<h1, align=center> &nbsp;&nbsp;&nbsp;&nbsp;&nbsp;&nbsp;&nbsp;数据科学引论 - Python之道 </h1>

<h1, align=center> &nbsp;&nbsp;&nbsp;&nbsp;&nbsp;&nbsp;&nbsp;&nbsp;第5课 数据收集 - Python网络爬虫实践 II </h1>

## 概述
接下来，我们通过一个更加复杂但是贴近实际的爬虫例子讲述。

这次爬取的内容是 IT桔子 中的新公司成立内容。也就是网站http://www.itjuzi.com/company?sortby=foundtime&page=1  的前10页。

爬取内容包括公司名、公司类别成立时间、省份、最新融资情况。
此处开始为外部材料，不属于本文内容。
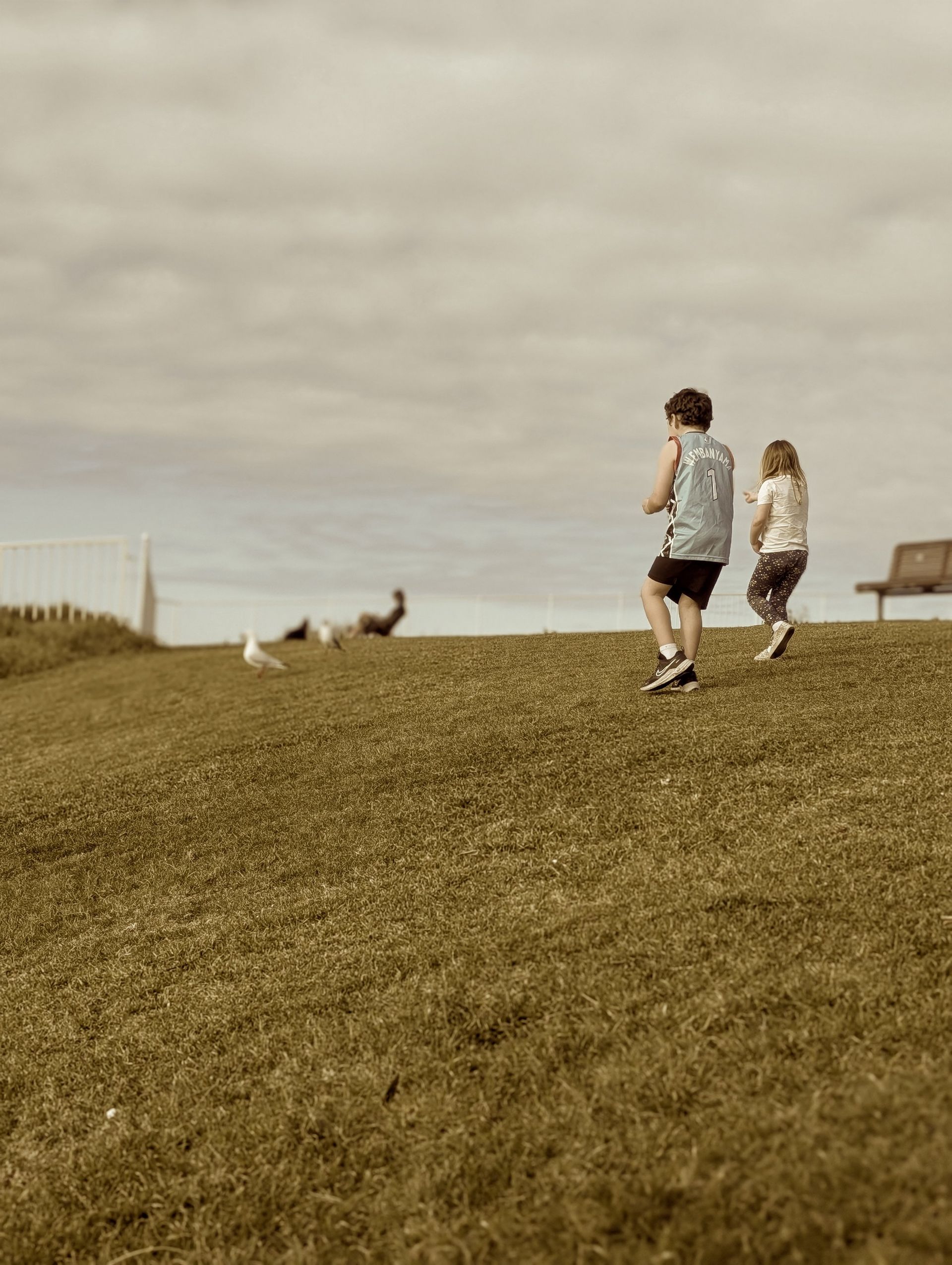 Two People Walking On A Grassy Hill Under A Cloudy Sky — Everyday Interiors in Helensburgh, NSW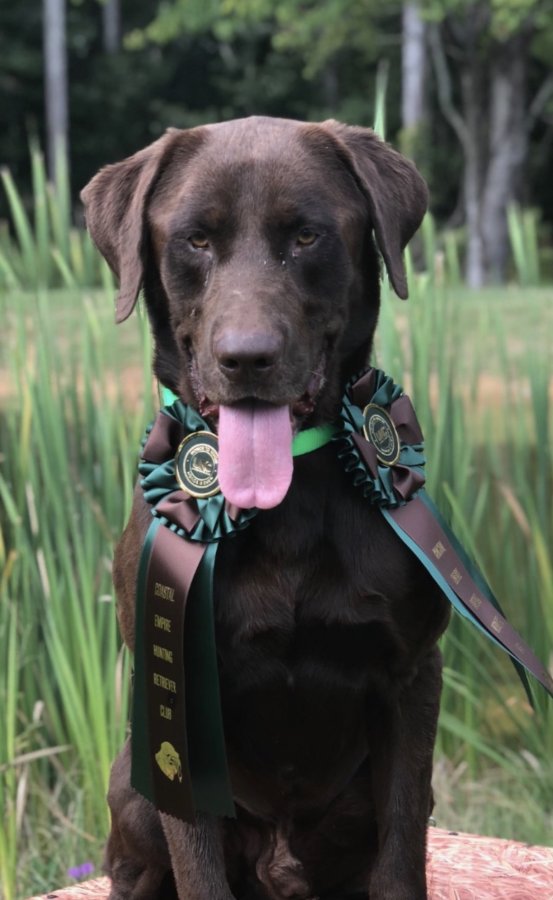 Dog Photo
最终以csv格式保存到文件。

> csv格式是一个常见的存储表格数据的格式，爬虫完成之后的csv文件，可以用excel直接打开。

## 注意
这个爬虫比之前的样例更加复杂，因为实际的网站中，可能在解析之后要通过一些字符串操作才能得到有效信息，如网页中常出现一些空格和换行来达到良好的显示效果，但是我们爬取的时候是要将这些字符去除。


In [1]:
import scrapy
import time
import csv
import os

class MySpider(scrapy.Spider):

    name = "spider"

    def __init__(self):
        self.file = open('demo2_newCompanies.csv', 'w',
                         encoding='GBK', newline='')
        self.csvWriter = csv.DictWriter(
            self.file, fieldnames=['name', 'type', 'date', 'province'])

        # 设置待爬取网站列表
        self.urls = []
        for i in range(1, 10):
            self.urls.append(
                'http://www.itjuzi.com/company?sortby=foundtime&page=' + str(i))
        print(self.urls)

    def start_requests(self):
        # self.init_urls()
        for url in self.urls:
            yield scrapy.Request(url=url, callback=self.parse)
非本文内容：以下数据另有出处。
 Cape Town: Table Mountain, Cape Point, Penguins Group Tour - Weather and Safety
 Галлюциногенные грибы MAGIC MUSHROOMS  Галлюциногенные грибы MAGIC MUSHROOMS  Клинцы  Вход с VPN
    # parse方法会在每个request收到response之后调用
    def parse(self, response):

        # print(response.body)

        # 提取公司列表
        companys = response.css(".list-main-icnset.company-list-ul li")
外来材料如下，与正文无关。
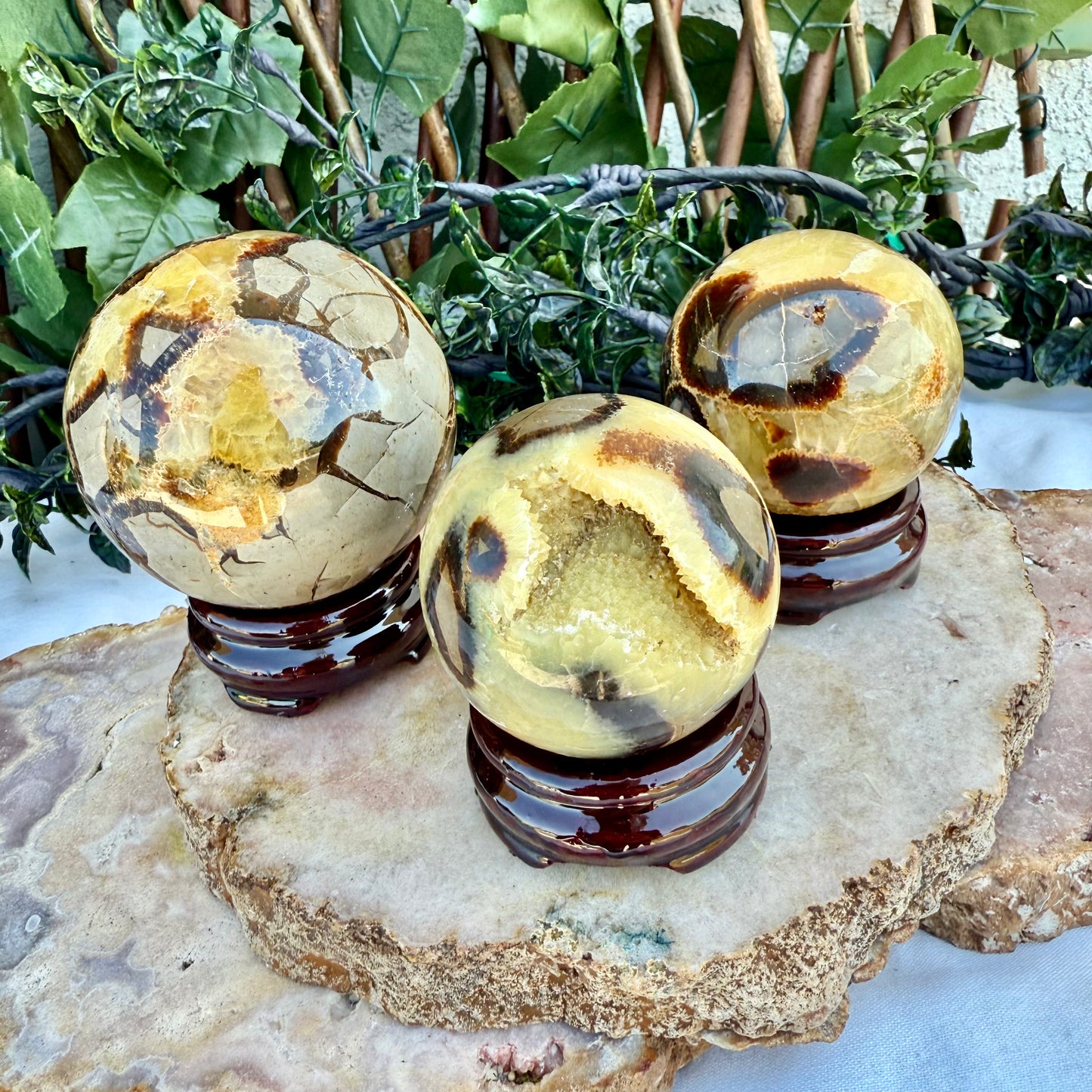 Large Septarian Sphere, Highly Protective, Negativity Stone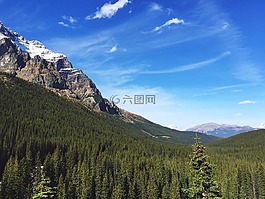 森林,山,谷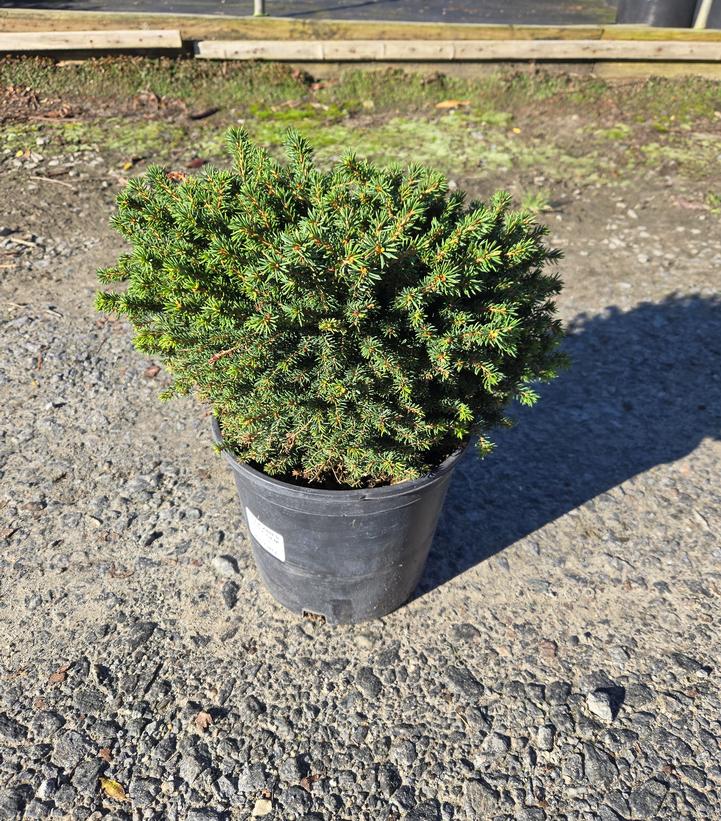 Picea abies 'Little Gem'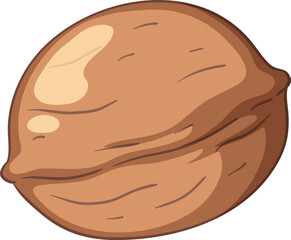 vector illustration of walnut with shell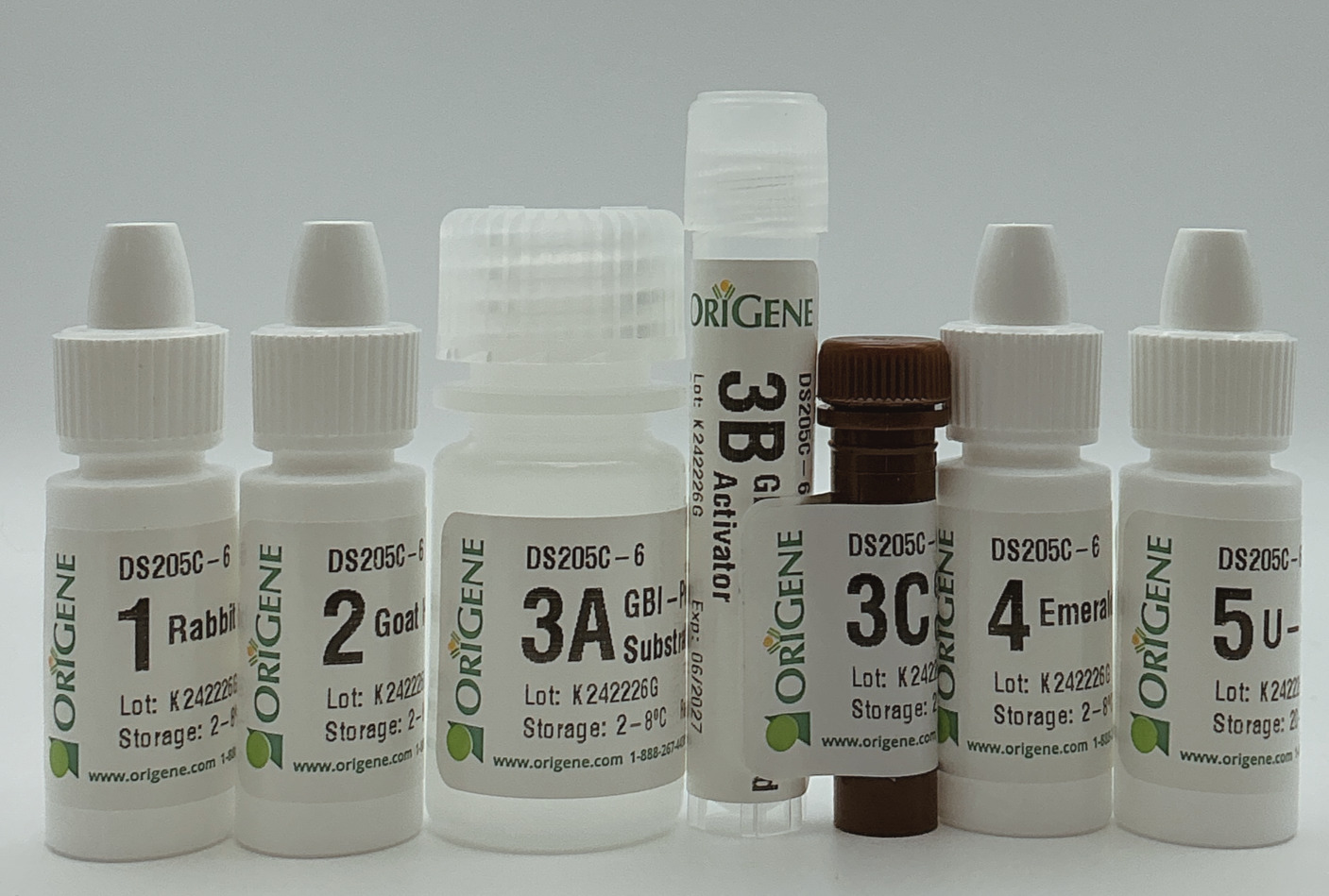 Polink DS-GR-Hu/Ms C Kit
        # 从一开始是为了跳过网页内的表格标题栏
        for company in companys:
            # 解析公司名
            name = company.css(".title span::text").extract_first()
            # 跳过没有公司名的公司
            if name is None:
                continue

            # 解析公司大类
            type = company.css(".cell.classify::text").extract_first()
            # 去除网页原有的空格、换行、制表符
            type = type.replace('\t', '').replace('\n', '').replace(' ', '')
            # 解析得到时间
            date = company.css(".date::text").extract_first()
            # 去除网页原有的空格、换行、制表符
            date = date.replace('\t', '').replace('\n', '').replace(' ', '')
            # 解析省份
            province = company.css(".cell.place::text").extract_first()
            province = province.replace('\t', '').replace(
                '\n', '').replace(' ', '')
            # 构建字典
            item = {"name": name, "type": type, "date": date,
                    "province": province}

            # 以csv格式写入文件
            self.csvWriter.writerow(item)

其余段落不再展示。